The Boko Haram Bully Needs a Beating, But….

—Oct. 16, 2015

President Obama Wednesday announced that the U.S. is deploying up to 300 military personnel to Cameroon for intelligence, surveillance and reconnaissance operations against the militant Boko Haram terrorist group. In making the announcement the White House emphasized that personnel would not take part in combat operations and would be armed only for self-defense.


So, what’s the point in sending soldiers somewhere unless they’re going to fight? Sure, “intelligence,” “surveillance” and “reconnaissance” might make a difference in helping the multi-national coalition that’s fighting the al Qaeda offshoot…. But does it not mark yet another lack of resolve in defeating the terrorists? Is it not a half-hearted effort (or perhaps 1/33-hearted)?

Not that there aren’t “political realities” that need to be considered in such engagements. For example, the deployment of too many troops could alienate the local Muslim population and lead to increased Boko Haram recruitment. Or the increased U.S. presence could lead to Boko Haram seeking even closer ties with any number of Middle Eastern Islamists. Or, and more likely, both.

True enough, but the coalition fighting Boko Haram seems to be losing ground, and the Americans are arriving on the scene like a penknife-armed cowboy rushing into a shootout. Why even bother?

Why does America of late jump into most of the world’s conflicts with limited resolve? Sure, we’ve had our moments, such as the 1983 Invasion of Grenada, 1989 Invasion of Panama, Desert Storm (until the coalition “objective” was met) the 2001 invasion of Afghanistan (until the terrorists grew hard to find), and the initial attack of Gulf War II. But that resolve proves so limited in other cases. Think of Beirut in 1983 when Reagan pulled out after the Marine barracks truck bombing. Somalia in 1993, when Clinton pulled out after the Blackhawks were downed. And the Middle East in general.

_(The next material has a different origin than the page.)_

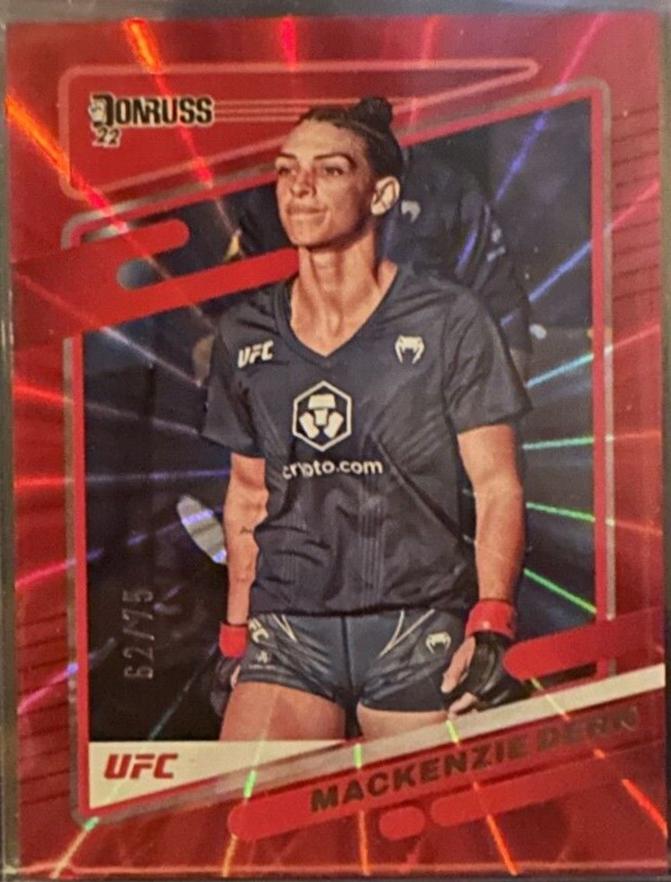 Mackenzie Dern 2022 Panini Donruss UFC Base #34 Red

Here are a couple of answers that we know of: The Vietnam complex, in which our presidents are exceptionally wary of losing U.S. boys in foreign wars, and numerous pesky political realities. Such realities can include the lack of any U.S. political or economic interests, a lack of a well-defined and easily identifiable enemy, lack of local conflict area support, lack of friendly logistical support, fears of escalating a conflict, and fears of antagonizing either nearby friends or enemies (if not both), among others.

And granted, these political realities most definitely need to be considered. But if you’re going to fight, you generally can’t just throw one punch. Nope, when you take on the bully you keep punching until he’s down and then you tap him a few more times to make sure that he’s received the message loud and clear that “you don’t f—k with me!”

Other than Grenada and Panama, America really hasn’t done that since it took on Japan and Germany in World War II. And the rest of the world knows it.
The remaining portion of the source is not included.